My influencers are health and prevention. I lost a brother to suicide in 2014, almost three years ago, I have my own experience of ill mental health, my family is pre-disposed to it. I see young people taking their lives, it’s just too much – that is clearly a heavy motivator. I feel this sense of responsibility, to use the position and the opportunity I have, making a difference in that space.


What reforms would you like to see?

Good local government is critical, it’s our grass roots. We will be conducting a review into local government, how they invest and influence our local communities I’d like to see greater level of accountability and transparency. I definitely want to see reform there. The community has largely been removed from the process, and their involvement diminished, I want to see reform on that.


The Human Rights Commission recently released a report on sexual assault and harassment at Australian Universities. Do you think the State Government can act to improve the situation?

Ultimately, it’s a whole society issue. Simone McGurk is the state’s first Minister for Prevention of Family and Domestic Violence, it has been identified as a priority area by the government. It’s changing the societal norms, university is a microcosm of society. They reflect the culture of the wider community. We made a huge step forward to that. There is a briefing coming up on the issue. There will be policies that will be developed and there is a large commitment by the government to these issues.


Speaking of culture, do you find Parliament to be a ‘boys club’?

I grew up around blokes, I worked with them, I’m not intimidated by the male environment. I will probably have quite a different perspective to other women in parliament. I grew up with 4 brothers, I worked in the male dominated fitness industry. When I walk into parliament I am not intimidated by the male environment I know I bring a point of difference to the Parliament, I know I can mix it with the lawyers and career politicians. If I see others feeling intimidated I will do what I can to help, I’m not afraid to stand up. I know there will be amazing female parliamentarians who may struggle to achieve what they otherwise could because of the combative environment. I feel it’s important that women support women. There needs to be a greater level of respect in the chamber.


If the situation occurred when you would have to choose between supporting a policy that would benefit the whole state but be potentially damaging to your electorate – would you support the policy?

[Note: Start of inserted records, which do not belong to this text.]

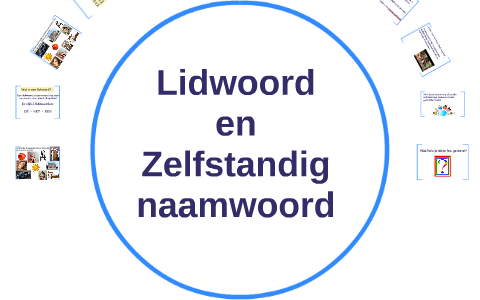 Nieuw Nederlands lidwoord en zelfstandig naamwoord by Katia De Prins on AH-28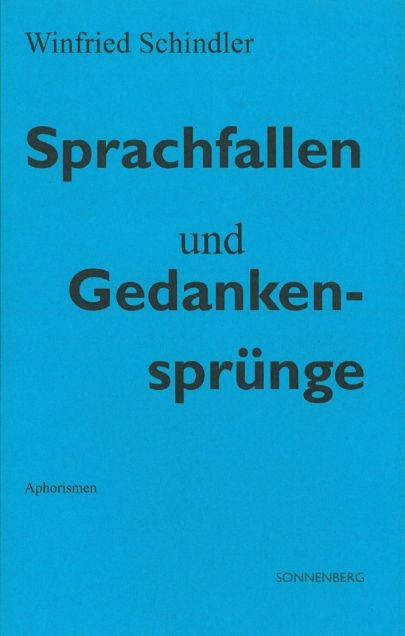 Sprachfallen und Gedankensprünge - Winfried Schindler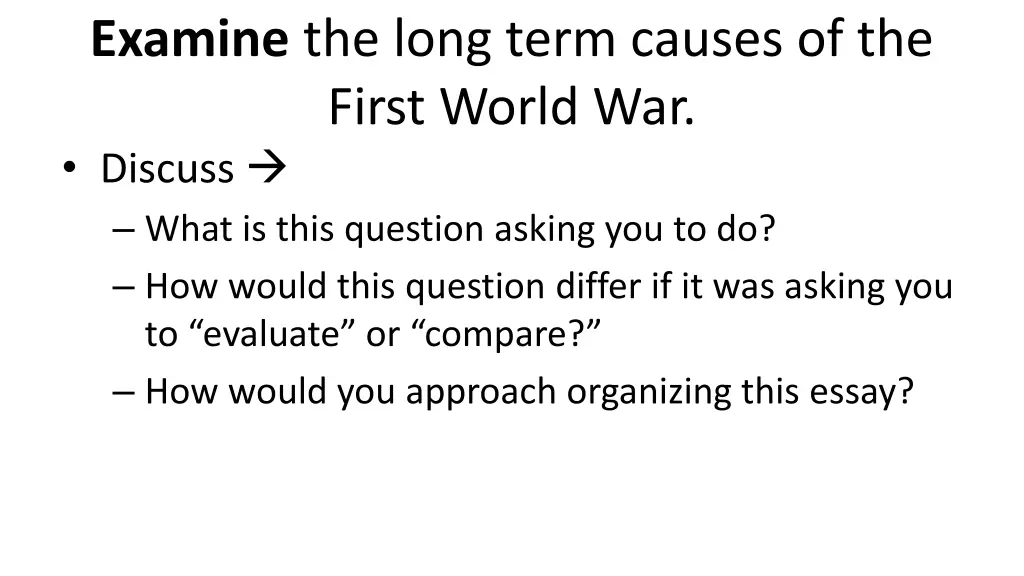 examine the long term causes of the first world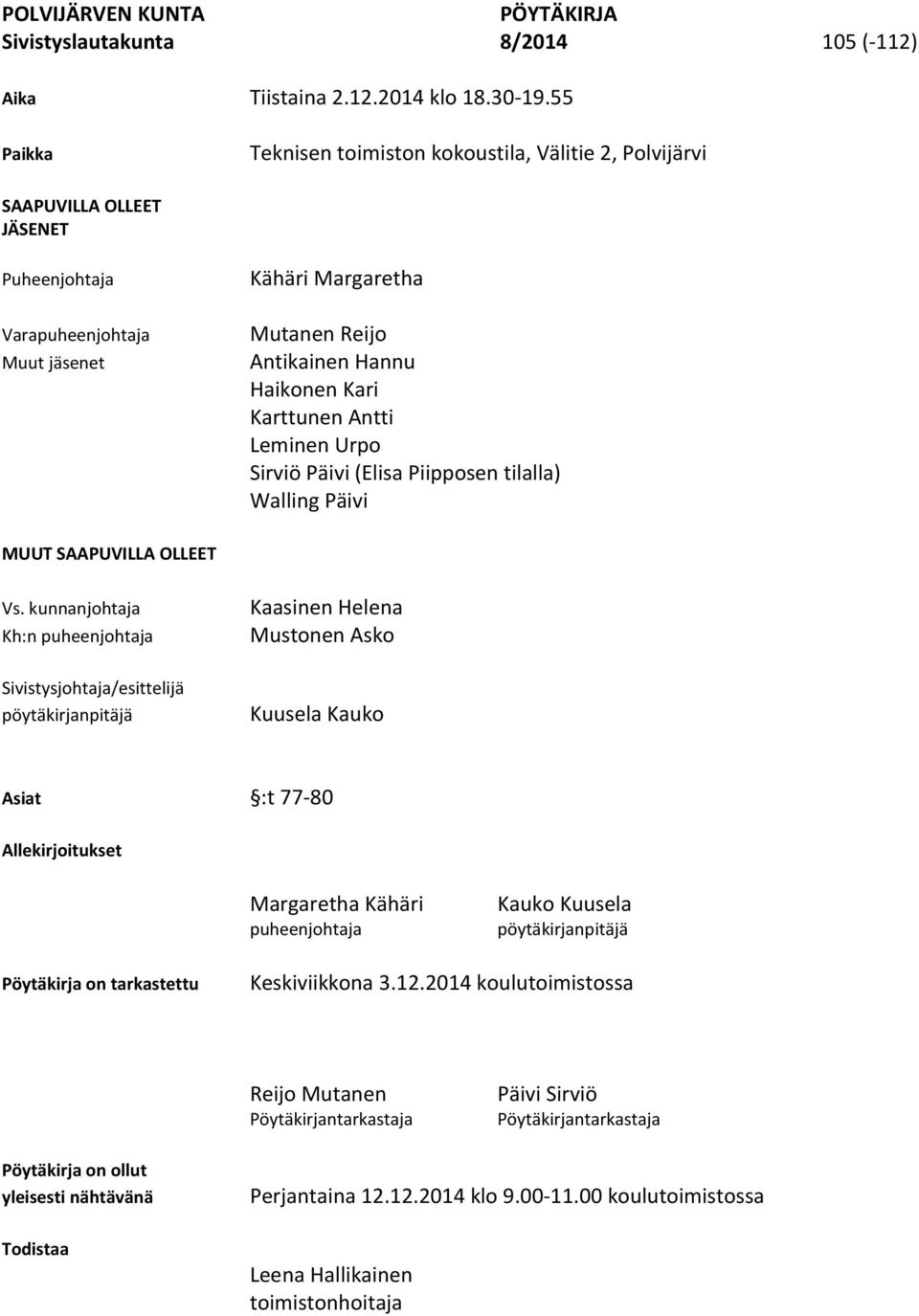 Karttunen Antti Leminen Urpo Sirviö Päivi (Elisa Piipposen tilalla) Walling Päivi MUUT SAAPUVILLA OLLEET Vs.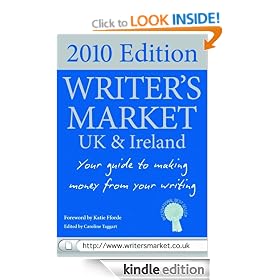 Writer's Market UK 2010: Make Money Writing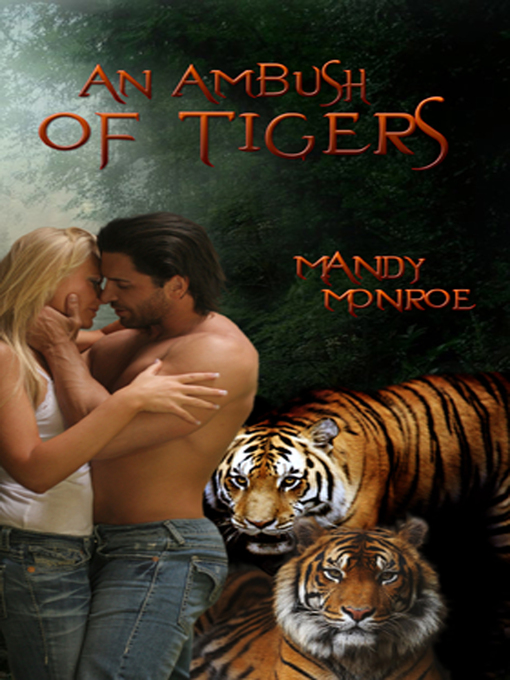 Title details for An Ambush of Tigers by Mandy Monroe - Available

In Government, we need to have policies that benefit the whole state, where there is potential for negative impact in the electorate that can be challenging. There will be opportunities elsewhere and it’s important to maximise those whenever possible.

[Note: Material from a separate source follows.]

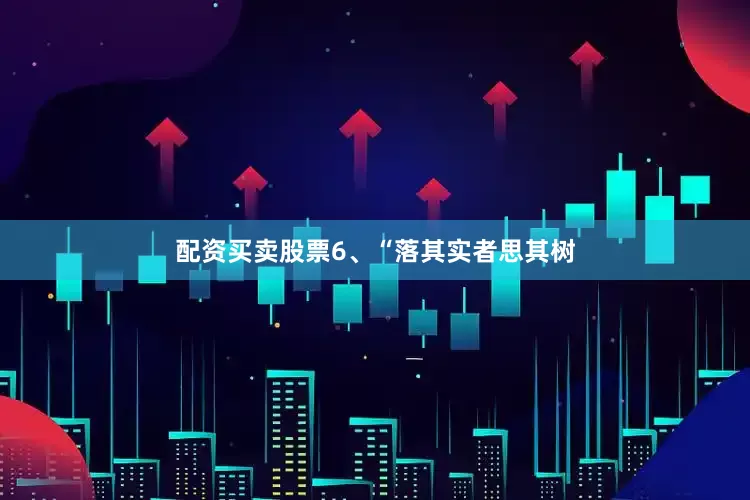 配资买卖股票　　6、“落其实者思其树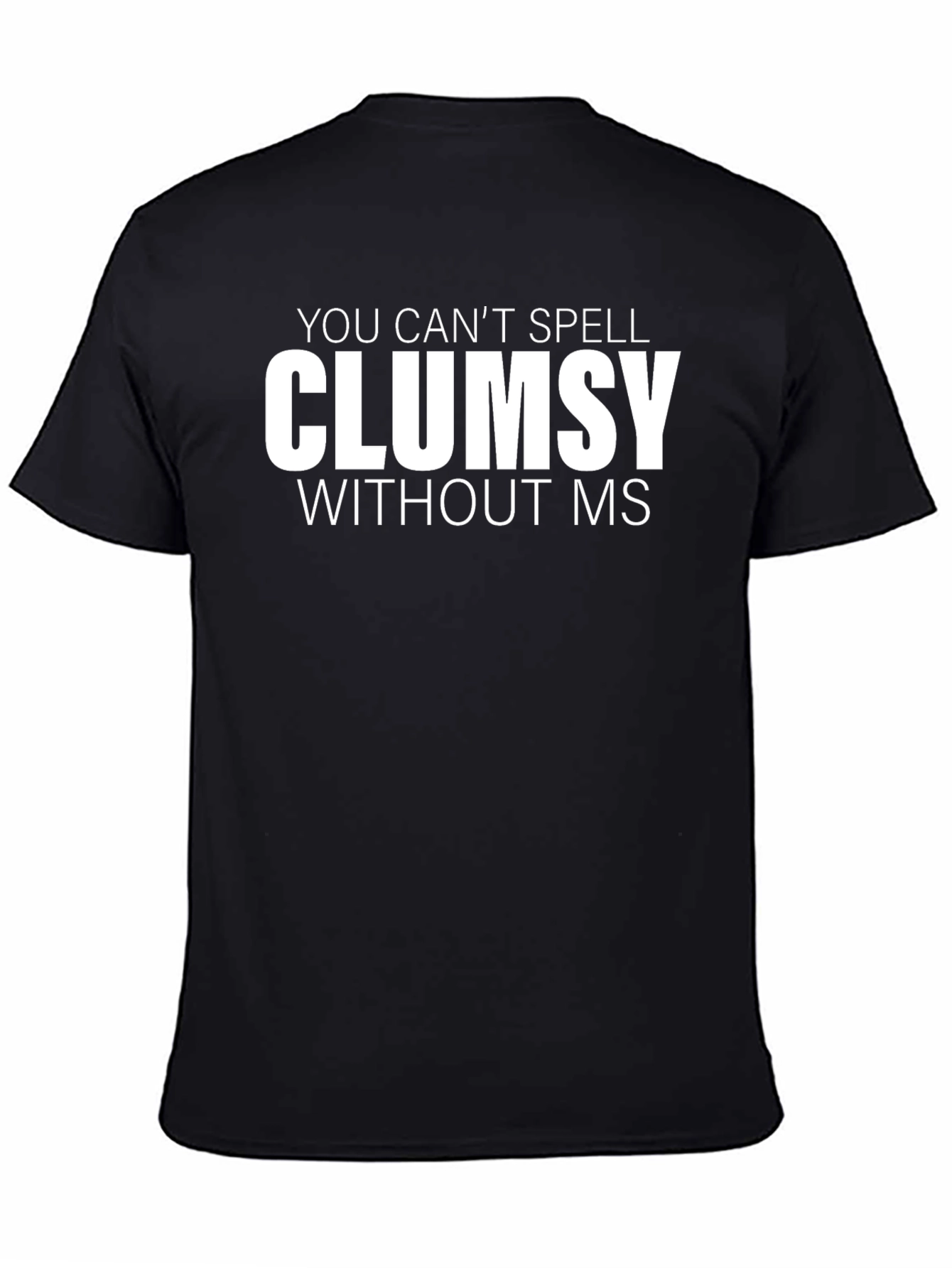 Clumsy MS Funny T-Shirt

What advice would you give university students finishing university and trying to enter the job market? Will the government give any sort of hope to university students?

Our government has a strong commitment around local jobs. We are committed to helping start-ups and small business. We don’t want to see our youngest and brightest go to Melbourne or Sydney or New York, we want them to have jobs here. It will take time to evolve, developing industries beyond what we currently have. I would say to any young person, find your inner entrepreneur, try to think outside traditional employment. No successful business ever really happens by just one person. I guarantee you, look at your university cohort, there are the creatives, the number crunchers, those who can market. It can be applied to any career. We are supporting innovation in the workspace.


What do you think personally are the biggest issues facing the state currently?

Jobs and the economy. There are challenges in the energy market, we need to be proactive and elongate our vision. It comes down to jobs and improving the economy.


What are your future aspiration in politics?

I want to do what I can with my skill set to best support the team, the party, our state. I am happy to take on opportunities as they came. Also working hard on winning my seat again, and supporting my community, that’s my number one priority!